Feb 21, 202314 min read

Optimizing Your Web App: How to Score 100 on Lighthouse

Updated: Sep 16, 2023

While you may be using SSR, having all the content discoverable in the initial HTML, using a CDN for caching, and following all the best practices for Core Web Vitals, there’s a good chance you’re still having trouble scoring a Lighthouse score higher than 75.

If that's the case, you're in the right place. If not, you've got a lot of work to do, don't waste your time!

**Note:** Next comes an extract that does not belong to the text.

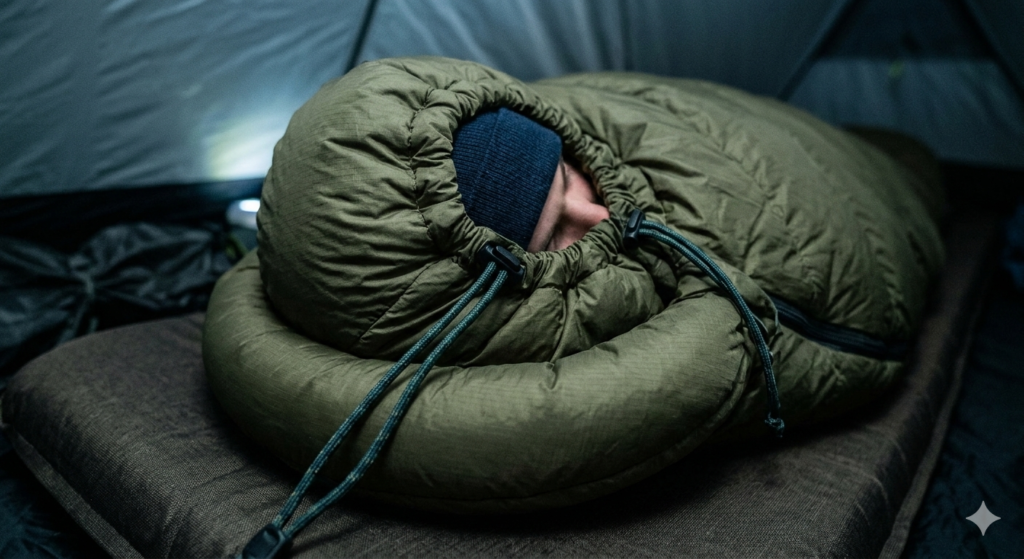 Close-up of a properly cinched mummy bag hood and draft collar to trap body heat.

Just kidding, you really should read this even if you don't follow all the best practices.

Why it matters

Lighthouse score may be substantially different from RUM data or CrUX report and some might even argue that the Lighthouse score doesn’t matter as long as you’re good in CrUX. And while they aren’t completely wrong, Lighthouse score does matter for two reasons:

It provides an estimate of the user experience for people with slow internet and low-end devices, as it runs in a simulated environment with CPU and network throttling. Improving your Lighthouse score should improve these users' experience.
While Lighthouse has become an industry standard, many users don’t understand the difference between field and lab data. They might think their site isn’t performing well or even blame it on the platform being slow, when in fact the Lighthouse score doesn’t reflect how their real users experience their site at all. But even if it doesn’t reflect the reality, it matters, because it matters to the users. Sadly, lab scores are typically low for most platforms (source):

Why your Lighthouse score sucks

It's not uncommon for sites to have great Core Web Vitals but still struggle to scratch a 70 on Lighthouse score. The reason is that Lighthouse takes into account more parameters that aren't included in Google's CWV (at the moment).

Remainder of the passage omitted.